There are many contrasts and similarities between the Codex Telleriano-Remensis depiction of Xochiquetzal and the Codex Magliabecchiano's. In the Codex Magliabecchiano, Xochiquetzal is still holding a weaving tool, which means she is widely celebrated for being the "first woman to weave" (Codex Telleriano-Remensis 22v). She is also still wearing many gold ornaments and a quetzal feather and flower headdress. However, what differentiates this depiction from the Codex Telleriano-Remensis is that Xochiquetzal is standing alone and her "butterfly nose jewel" is much more pronounced. There is a snake on the same page, which continues the notion that she was considered to be an earthly goddess.
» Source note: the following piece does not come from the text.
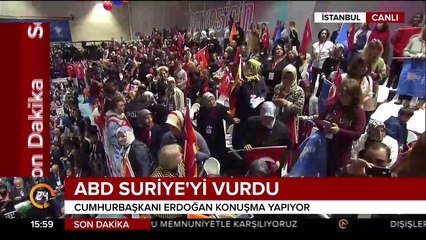 Cumhurbaşkanı Erdoğan açıkladı "Yapılan operasyonu doğru buluyoruz"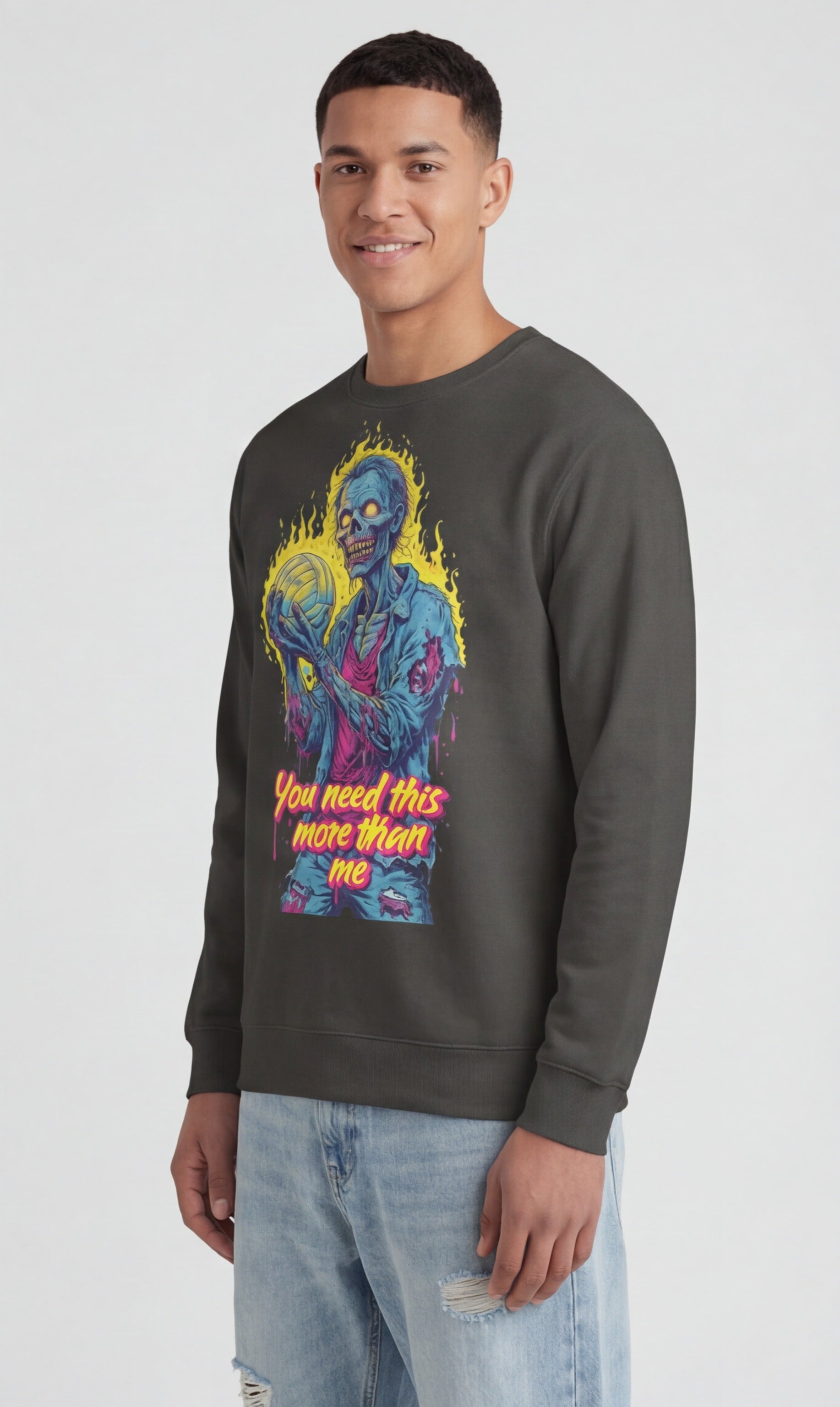 For those who live (or die) for volleyball Sweatshirt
Xochiquetzal was also linked to being a warrior, which is what the turtle shell on the page symbolizes. This is not depicted at all in the depiction of her in Codex Telleriano-Remensis. By having multiple images of the same deity, we are able to understand that each deity represented many things for the Mexica. If we take into consideration the aspects and images that are constant in each depiction and that overlap, we gain a better idea of what the deity stood for and the Mexica's belief system as well.

 

Overall, we look to pictures and sculptures of Aztec deities to gain a deeper insight as to what they each stood for and their place within Aztec culture. By finding deities that are related to one another, it makes it easier to piece together the myths and representations of them.